Datalad and S3 Bucket Usage on HPC

vinpetersen · July 20, 2021, 4:37pm

Hi,

our lab considers to use a local s3 bucket to facilitate distribution of and collaboration on large scale datalad datasets on our cluster. We are considering to save centralised datasets in the bucket from which every lab member can pull from and publish to. A motivating aspect is the fact that the pipeline outputs of these datasets exceed our local quotas on the cluster (the bucket is far larger) and pulling and pushing immediately/during the job to the bucket might alleviate our storage problems. We are wondering whether such a setup is feasible or a local (on the cluster) dataset where everybody is interacting with is necessary to easily address (e)merging issues etc. and push subsequently to the s3 sibling.

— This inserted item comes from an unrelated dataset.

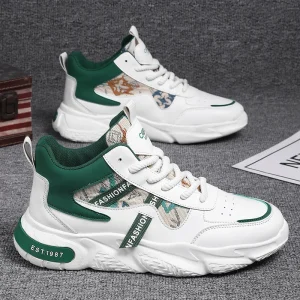 The new men’s trendy brand running casual sneakers have a thick sole and breathable trendy shoes 39-44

Can someone provide some guidance in this regard? Other input regarding handling large datasets with datalad is also very welcome (I found and studied the according datalad handbook chapters).

StephanHeunis · July 21, 2021, 7:40pm

Hi @vinpetersen

This doesn’t answer your full question, but in case you missed it there’s this chapter in the handbook that provides guidance on setting up an S3 bucket as a git-annex special remote for your datalad dataset.

Others with more experience collaborating on large datalad datasets might be better able to give tips about when/how to update siblings.

yarikoptic · July 21, 2021, 9:44pm

You might bottleneck at the outbound network level if lots of traffic to go to/from s3. Might establish some own storage server on the network and accessible eg via ssh, to which you which push/pull data, and then only push to s3 (or may be you have instructional Dropbox it some?) from it for extra backup/collaboration if so desired.

vinpetersen · July 22, 2021, 2:13pm

Hi @StephanHeunis and @yarikoptic ,

thanks for your answers. Indeed, I have already found the chapter for establishing a S3 bucket. Thanks for your perspective, Yaroslav. That’s what I was looking for.